This is about my upcoming trip to Malaysia and Cambodia. The first part is pre-trip - information about flights, itineraries, accommodation and all the things that you need to do to plan an overseas holiday. This is my first trip to Asia and I hope it may help others. Comments are very welcome and anyone who has travelled to Malaysia and/or Cambodia, please feel free to comment and offer any advice or tips that you think would be helpful. As of today ( 28th February) , in exactly 11 days (minus 30 minutes) I will be in Kuala Lumpur.

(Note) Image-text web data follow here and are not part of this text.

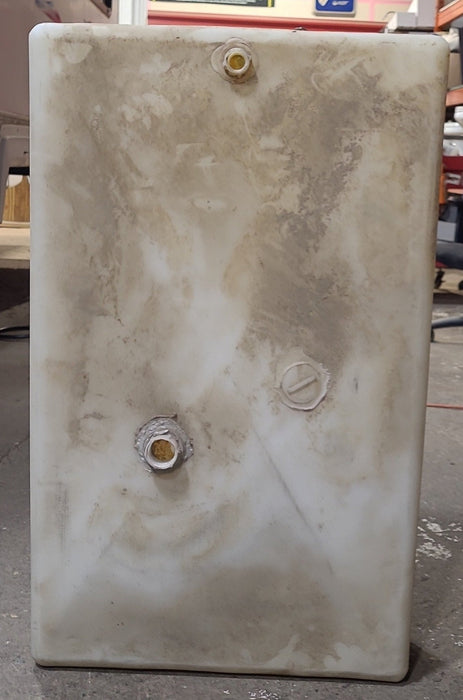 Used Fresh Water Tank 13 1/4” x 23” x 38”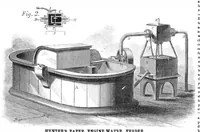 An illustration from Scientific American, Vol. 19, No. 11 (1868) (1868)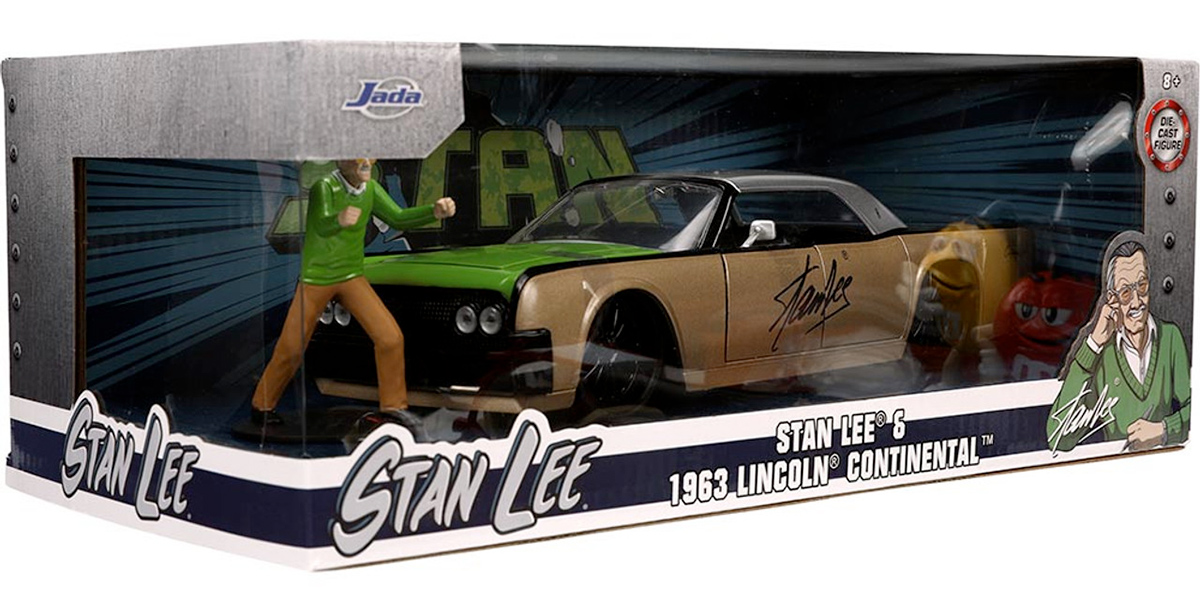 Marvel Hollywood Rides: Stan Lee & Lincoln Continental 1963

I had the most amazing time and hope you enjoy reading about my trip. Each post is numbered and I'm doing them in order from start to finish - a little like a diary.



64. Banteay Srei - 3

The Hindu yoni represents the feminine genitilia and a Hindu ligham (phallic stone) sits in the centre, representing the masculine aspects. The so called Ying and Yang of a balanced universe.

Above: Yoni
As you can see from this photo, the lingham has been removed and replaced by the Buddhist lotus symbol. Presumably, this would have occurred when the Khmers turned away from Hinduism and embraced Buddhism. Many of the structures of Angkor were originally Hindu orientated.

Above: Nandi
This is a statue of Nandi, the white bull which Siva rides.

Above: Yoni

Above: Yoni
The above two photos are the same representation of the yoni, again the lingham has been removed.
Hindus usually annointed the lingham with gee (clarified butter) during and as part of their worshipping their deity, in this case most likely Siva. The grooves and channels you see in the base are to recollect the gee, after annointing the godhead and thus becomes blessed and is used in further religious practice.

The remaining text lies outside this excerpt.